Romain Leclaire

L'impasse à 600 milliards - Meta, l'open source et le quitte ou double d'Alexandr Wang

1775543491241

Dire que les tentatives de Meta pour devenir un leader de l'intelligence artificielle ont jusqu'à présent échoué serait un euphémisme. À titre personnel, j'observe cette frénésie autour de cette technologie depuis un moment et l'entêtement du géant américain a quelque chose de fascinant. L'entreprise est engagée jusqu'au cou dans cette partie de poker, avec un budget faramineux de 600 milliards de dollars spécifiquement alloué à ce secteur. À ce niveau d'investissement, ils n'ont d'autre choix que d'aller jusqu'au bout.

Selon un récent rapport d'Axios, Meta serait enfin sur le point de dévoiler ses nouveaux modèles, qui devraient être disponibles à l'avenir via des licences open source. La véritable nouveauté réside dans la direction. Ce seront les premiers publiés sous la houlette d'Alexandr Wang. Le fondateur de Scale AI (un mastodonte des données d'entraînement avalé par l'entreprise de Mark Zuckerberg pour tenter de revigorer des modèles désespérément à la traîne) est désormais aux commandes.

1775543514723

Bien que ces nouvelles versions conservent apparemment certaines parties propriétaires sous couvert de « sécurité », la volonté globale est bien de proposer des accords de licence aux entreprises qui souhaitent les exploiter. C'est un contraste saisissant avec la boîte noire totale privilégiée par la grande majorité de ses concurrents.

Pourquoi l'open source a du sens (sur le papier)

Cette théorie tient la route pour Meta. Le géant du codage IA Cursor a révélé, il y a peu, s'appuyer sur le modèle open source Kimi 2.5, publié par Moonshot AI, comme base pour son propre modèle Composer 2. Étant donné les coûts astronomiques liés à l'entraînement d'une IA à partir de zéro, il est presque certain que de plus en plus d'acteurs adopteront cette démarche à l'avenir. En devenant le principal acteur du marché des modèles frontières à proposer une véritable option open source, Meta adopterait un modèle économique potentiellement beaucoup plus simple et attractif que l'approche par abonnement sur laquelle s'appuient ses rivaux.

Le vrai problème - La qualité des modèles

Selon moi, le plus grand obstacle qui se dresse encore devant Meta est que leur modèle soit toujours aussi médiocre. L'entreprise a beau qualifier LLaMa d'« open source », son processus de licence ne correspond en réalité à aucune définition stricte de ces droits.

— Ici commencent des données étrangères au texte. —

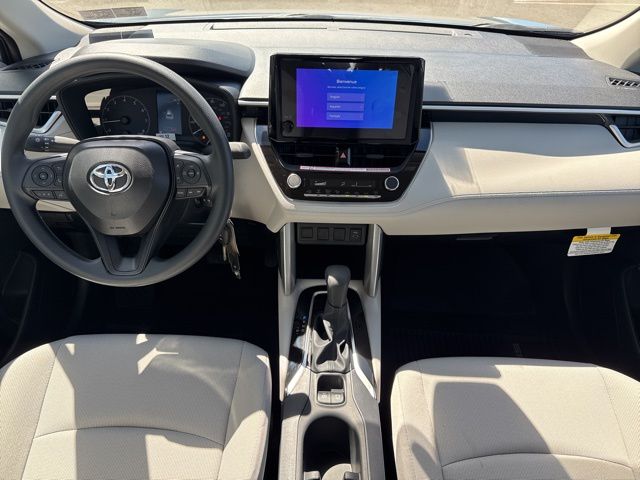 new 2025 Toyota Corolla Cross car, priced at $28,206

Elle a forcé l'intégration de ses produits IA à chaque recoin de son écosystème, mais en vérité, presque personne ne les utilise réellement. Souvenez-vous de l'année dernière. Meta avait tenté de faire des vagues avec la sortie de LLaMa 4, mais le modèle a cruellement déçu, n'atteignant pratiquement aucun des benchmarks espérés par l'industrie.

Un bouc émissaire tout trouvé

Jusqu'ici, les tentatives de Meta pour revenir dans la cour des grands et concurrencer les leaders du secteur ressemblent à un naufrage spectaculaire. Malgré des salaires mirobolants de 100 millions de dollars jetés au visage des grands noms de l'IA et des restructurations internes qui semblent ne jamais finir, la machine patine toujours. L'entreprise devait même publier un nouveau modèle le mois dernier, mais a préféré repousser l'échéance, craignant de nouvelles contre-performances.

1775543555151

Les rumeurs font état de vives tensions en coulisses entre Zuckerberg et Wang face à ces problèmes persistants. Le fait qu'Alexandr Wang soit aujourd'hui présenté comme la figure de proue dans le rapport d'Axios concernant ces nouveaux modèles ressemble fort à un test de survie. C'est l'heure du quitte ou double. Si cette nouvelle mouture échoue, il sera indéniablement le fusible parfait. Car s'il y a bien une certitude absolue dans cette course technologique, c'est que si les choses tournent mal, Mark Zuckerberg ne prendra jamais le blâme.